Right from the start this subject did not interest him and he gravitated towards the arts. In 1871 he told his father that he wanted to pursue ‘a life of letters’ After this time he continued to distance himself from his upbringing, becoming bohemian in appearance and unconventional in his behavior. He rejected Christianity and declared himself an atheist, an announcement that upset his father greatly.
During a visit to a cousin in England in late 1873 Robert became acquainted with Sidney Colvin a distinguished art and literary critic who later became Robert’s literary adviser. They had been introduced by a mutual friend.
In late 1873 Robert made his first visit to Abernethy House, Hampstead. The listed building entry for Abernethy House states: ‘by 1873 it had become a lodging house when Robert Louis Stevenson paid the first of several visits for his health’. Robert later wrote: I wish someone could explain the climate of Hampstead … it is so quiet, healthful and beautiful’. In the following year, 1874, he returned to Abernethy House between 3th June and 11th July, but this time he shared rooms with his friend, Sidney Colvin. During their stay Robert took full advantage of his friend’s extensive literary connections, meeting, amongst others, Leslie Stephen, man of letters and father of Virginia Woolf. Sidney later wrote of the ‘week or two [Robert] spent with me in Hampstead during which he joined the Savile Club and made some acquaintance with London literary Society. Robert himself noted enthusiastically: ‘To be so near London [one] can go in and dine at the Club in three quarters of an hour or so’.
In later life, Robert’s time was taken up with writing and travelling. On one of his journeys, a canoe voyage in Belgium and France, he met American, Fanny Van de Grift Osbourne who, since separating from her husband, had supported herself by writing short stories for magazines. Fanny and Robert were married in May 1880. She was 40, he 29.

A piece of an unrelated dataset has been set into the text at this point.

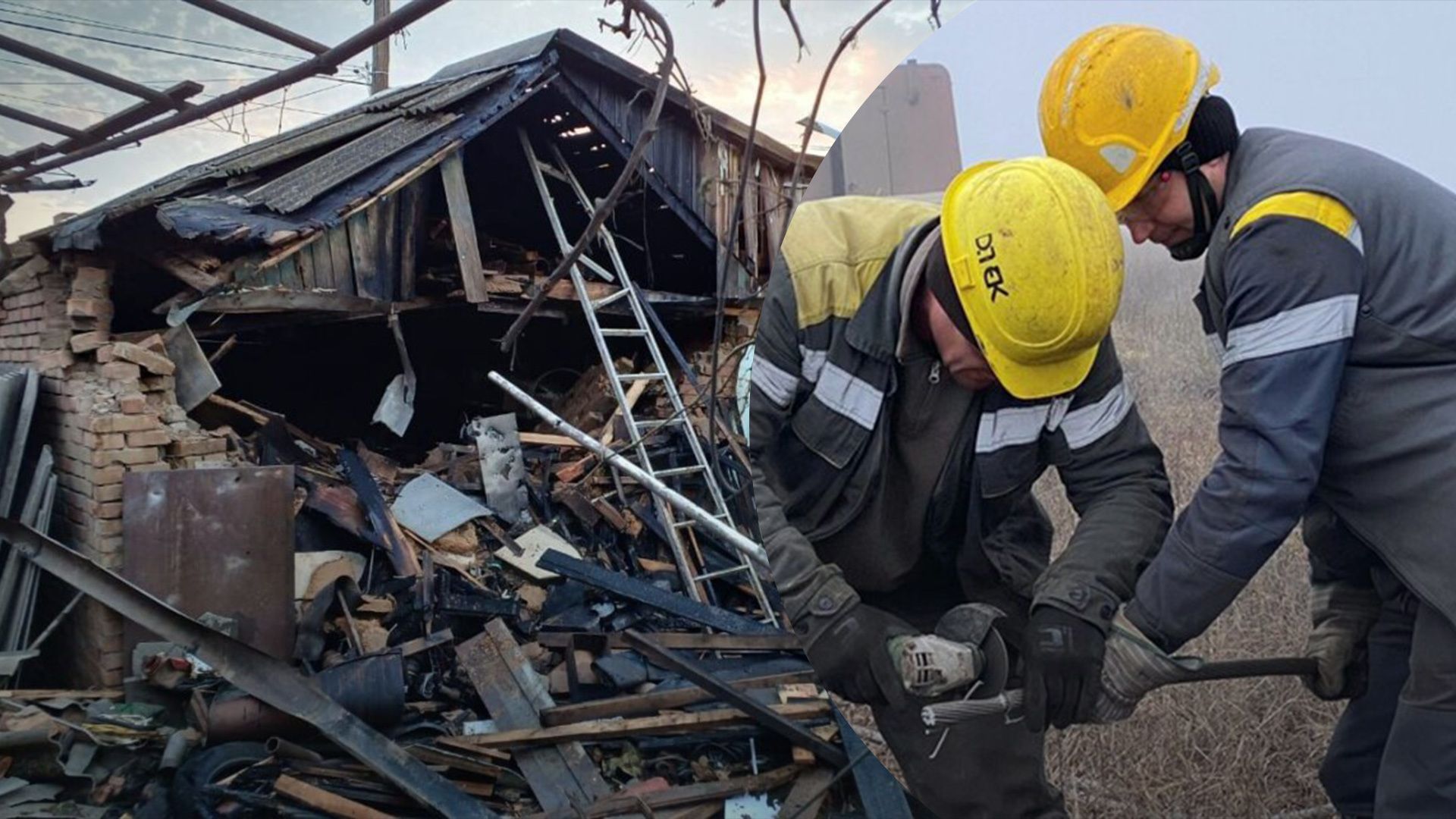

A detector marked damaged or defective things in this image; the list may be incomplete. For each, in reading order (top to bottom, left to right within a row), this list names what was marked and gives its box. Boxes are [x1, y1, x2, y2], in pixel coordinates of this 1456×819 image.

broken brick wall [2, 244, 236, 685]
rusty metal sheet [124, 466, 297, 655]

The Stevensons shuttled back and forth between the United Kingdom and the Continent until in 1884 they settled in Bournemouth. By that time Stevenson was largely bedridden although during the three years that they lived there he wrote most of his most popular work, including Treasure Island, The Strange Case of Dr Jekyll and Mr. Hyde, Kidnapped and A Child’s Garden of Verses.
In June 1888 Stevenson chartered a yacht and set sail from San Francisco with his wife and family, meandering through the eastern and central Pacific. Their wanderings finally ended in Samoa, where Robert Louis Stevenson eventually died of a stroke in 1894.